Yukarda daha önce Kürt sorunun çözeceğim diyen Demirel, Çiller, Özal ve son olarak da Erdoğan’ın açıklamalarını somut örnekleriyle verdik. Sonuç ve geldiğimiz nokta ise savaş, kaos, açlık, soykırım ve katliamlardır.
Şimdi Kılıçdaroğlu, geçmişteki siyasi otoriteleri yani iktidarları 40 yıldır bu meseleyi çözmedikleri için eleştiriyor hatta suçluyor. Peki Kılıçdaroğluna sormak gerekir. Bu katliamlar ve soykırımlar yapılırken sen nerdeydin? Rojava’da Kürtleri katletmek için savaş tezkeresinin geçmesine sen onay vermedin mi?

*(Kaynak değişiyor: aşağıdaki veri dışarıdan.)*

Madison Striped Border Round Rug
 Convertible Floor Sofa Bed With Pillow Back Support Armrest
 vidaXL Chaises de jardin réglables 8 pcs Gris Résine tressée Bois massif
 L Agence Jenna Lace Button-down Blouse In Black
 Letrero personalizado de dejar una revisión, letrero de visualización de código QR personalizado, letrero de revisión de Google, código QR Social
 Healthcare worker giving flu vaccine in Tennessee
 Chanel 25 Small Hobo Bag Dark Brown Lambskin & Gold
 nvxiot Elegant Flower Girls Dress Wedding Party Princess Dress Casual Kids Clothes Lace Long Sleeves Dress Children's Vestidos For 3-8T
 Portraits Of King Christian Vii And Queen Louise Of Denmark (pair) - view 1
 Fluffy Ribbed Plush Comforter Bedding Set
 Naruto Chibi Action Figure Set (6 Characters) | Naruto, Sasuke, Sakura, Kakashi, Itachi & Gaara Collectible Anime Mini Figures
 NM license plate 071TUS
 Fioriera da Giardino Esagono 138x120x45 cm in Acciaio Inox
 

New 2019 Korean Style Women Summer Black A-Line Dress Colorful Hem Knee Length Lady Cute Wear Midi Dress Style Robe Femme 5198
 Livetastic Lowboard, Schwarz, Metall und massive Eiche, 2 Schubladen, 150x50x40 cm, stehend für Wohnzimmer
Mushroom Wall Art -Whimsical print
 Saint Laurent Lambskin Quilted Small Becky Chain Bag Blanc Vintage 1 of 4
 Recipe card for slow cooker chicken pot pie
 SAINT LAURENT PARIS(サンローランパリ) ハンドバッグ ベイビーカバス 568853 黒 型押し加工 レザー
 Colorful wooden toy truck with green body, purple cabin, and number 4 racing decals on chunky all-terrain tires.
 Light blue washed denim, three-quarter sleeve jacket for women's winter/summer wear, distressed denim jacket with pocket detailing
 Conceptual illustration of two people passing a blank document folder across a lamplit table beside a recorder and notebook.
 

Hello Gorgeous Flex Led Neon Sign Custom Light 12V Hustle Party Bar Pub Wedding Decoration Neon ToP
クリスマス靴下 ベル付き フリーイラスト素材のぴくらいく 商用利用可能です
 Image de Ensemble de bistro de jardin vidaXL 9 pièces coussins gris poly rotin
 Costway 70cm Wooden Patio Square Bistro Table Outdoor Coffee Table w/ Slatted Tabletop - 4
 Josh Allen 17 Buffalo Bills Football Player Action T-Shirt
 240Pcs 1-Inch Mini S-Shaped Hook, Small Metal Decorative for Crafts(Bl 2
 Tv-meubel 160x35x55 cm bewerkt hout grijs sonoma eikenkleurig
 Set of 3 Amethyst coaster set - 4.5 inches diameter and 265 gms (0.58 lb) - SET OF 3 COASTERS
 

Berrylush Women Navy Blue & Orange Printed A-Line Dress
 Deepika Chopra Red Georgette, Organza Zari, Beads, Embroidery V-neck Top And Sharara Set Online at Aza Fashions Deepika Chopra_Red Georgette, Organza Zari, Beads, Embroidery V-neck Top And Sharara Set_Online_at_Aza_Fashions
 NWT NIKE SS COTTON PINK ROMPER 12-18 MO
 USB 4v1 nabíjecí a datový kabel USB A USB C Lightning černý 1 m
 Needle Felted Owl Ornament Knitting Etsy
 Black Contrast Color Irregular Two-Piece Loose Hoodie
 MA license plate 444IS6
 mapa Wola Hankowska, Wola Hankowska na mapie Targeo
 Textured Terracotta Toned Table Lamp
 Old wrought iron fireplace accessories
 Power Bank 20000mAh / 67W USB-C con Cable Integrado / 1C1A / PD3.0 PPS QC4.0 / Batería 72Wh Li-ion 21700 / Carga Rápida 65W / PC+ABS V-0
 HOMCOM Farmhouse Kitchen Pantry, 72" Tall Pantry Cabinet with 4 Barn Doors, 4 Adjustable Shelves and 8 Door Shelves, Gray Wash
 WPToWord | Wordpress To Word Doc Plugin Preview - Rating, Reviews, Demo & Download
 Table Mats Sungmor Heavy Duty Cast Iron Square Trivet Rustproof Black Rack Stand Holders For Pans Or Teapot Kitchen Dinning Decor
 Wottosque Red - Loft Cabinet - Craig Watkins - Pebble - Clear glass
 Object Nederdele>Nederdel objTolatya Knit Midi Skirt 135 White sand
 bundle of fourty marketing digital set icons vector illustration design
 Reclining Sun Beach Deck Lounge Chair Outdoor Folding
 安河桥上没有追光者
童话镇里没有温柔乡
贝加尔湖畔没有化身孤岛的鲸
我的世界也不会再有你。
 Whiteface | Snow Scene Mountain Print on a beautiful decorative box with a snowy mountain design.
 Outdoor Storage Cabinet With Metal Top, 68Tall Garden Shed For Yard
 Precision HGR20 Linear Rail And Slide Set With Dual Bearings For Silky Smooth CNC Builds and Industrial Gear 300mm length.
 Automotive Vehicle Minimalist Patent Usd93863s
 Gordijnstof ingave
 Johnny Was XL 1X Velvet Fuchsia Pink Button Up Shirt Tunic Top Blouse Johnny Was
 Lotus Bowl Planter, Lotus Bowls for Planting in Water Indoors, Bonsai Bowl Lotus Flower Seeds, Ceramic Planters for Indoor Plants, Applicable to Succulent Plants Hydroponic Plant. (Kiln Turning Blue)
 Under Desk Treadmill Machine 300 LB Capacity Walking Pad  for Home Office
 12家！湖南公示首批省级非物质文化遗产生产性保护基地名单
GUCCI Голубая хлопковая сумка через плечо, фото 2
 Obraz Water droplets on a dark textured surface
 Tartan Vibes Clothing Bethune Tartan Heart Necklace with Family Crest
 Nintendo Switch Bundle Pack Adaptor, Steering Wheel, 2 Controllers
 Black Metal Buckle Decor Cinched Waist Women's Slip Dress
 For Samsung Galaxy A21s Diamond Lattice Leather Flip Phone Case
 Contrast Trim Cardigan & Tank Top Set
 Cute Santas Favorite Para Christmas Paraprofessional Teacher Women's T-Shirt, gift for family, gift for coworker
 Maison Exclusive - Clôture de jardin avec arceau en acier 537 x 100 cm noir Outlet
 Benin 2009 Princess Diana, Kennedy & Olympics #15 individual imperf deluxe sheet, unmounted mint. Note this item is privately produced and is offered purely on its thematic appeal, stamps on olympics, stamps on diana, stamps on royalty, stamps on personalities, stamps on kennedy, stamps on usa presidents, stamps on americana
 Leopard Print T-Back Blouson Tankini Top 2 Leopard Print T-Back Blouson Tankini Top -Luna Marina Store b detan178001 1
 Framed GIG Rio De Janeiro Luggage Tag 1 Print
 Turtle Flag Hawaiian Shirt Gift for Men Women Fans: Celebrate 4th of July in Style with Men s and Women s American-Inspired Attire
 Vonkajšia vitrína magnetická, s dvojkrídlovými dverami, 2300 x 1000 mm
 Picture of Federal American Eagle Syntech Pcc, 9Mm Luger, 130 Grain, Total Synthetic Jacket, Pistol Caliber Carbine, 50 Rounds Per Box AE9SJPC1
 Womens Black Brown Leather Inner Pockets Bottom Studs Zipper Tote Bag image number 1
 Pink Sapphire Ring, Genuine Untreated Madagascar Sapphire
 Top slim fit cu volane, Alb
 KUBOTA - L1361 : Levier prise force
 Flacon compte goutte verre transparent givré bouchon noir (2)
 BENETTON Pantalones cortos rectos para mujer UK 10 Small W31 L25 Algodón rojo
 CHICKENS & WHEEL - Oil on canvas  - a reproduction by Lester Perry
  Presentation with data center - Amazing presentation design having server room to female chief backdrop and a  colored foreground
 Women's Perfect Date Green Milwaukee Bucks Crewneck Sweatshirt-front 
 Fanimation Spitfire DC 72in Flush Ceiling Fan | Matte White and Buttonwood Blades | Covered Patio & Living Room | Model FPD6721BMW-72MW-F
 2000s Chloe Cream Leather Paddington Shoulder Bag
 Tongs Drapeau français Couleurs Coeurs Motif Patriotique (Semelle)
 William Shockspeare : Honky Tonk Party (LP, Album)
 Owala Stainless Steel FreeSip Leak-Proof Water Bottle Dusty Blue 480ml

Kürtler, Cizre, Nusaybin ve Sur bodrumlarında yakılırken, iktidarı sen desteklemedin mi? ey Kılıçdaroğlu.
Kendi özüne sahip çıkamayan ve sözde ana muhalefet görevini yürüten Kılıçdaroğlu’na söylenmesi gereken tek bir cevap var. O da Kürtlerin karnı tok bu tür sözlere.
Kürtler verdikleri direniş ve mücadeleleriyle var olmayı başardılar ve yine direnişlerini en yüksek seviyeye çıkartarak, tarihi yeniden yazacaklardır.
Senin verdiğin sözlere ihtiyaçları yoktur. Sen önce kendi özüne sahip çıkmayı öğren. Senin katliamcı bir zihniyetin yürütücüsü olduğunu bütün dünya biliyor. Kimse artık Kürtleri bu bayatlamış ve tarihi geçmiş sözlerle aldatamaz.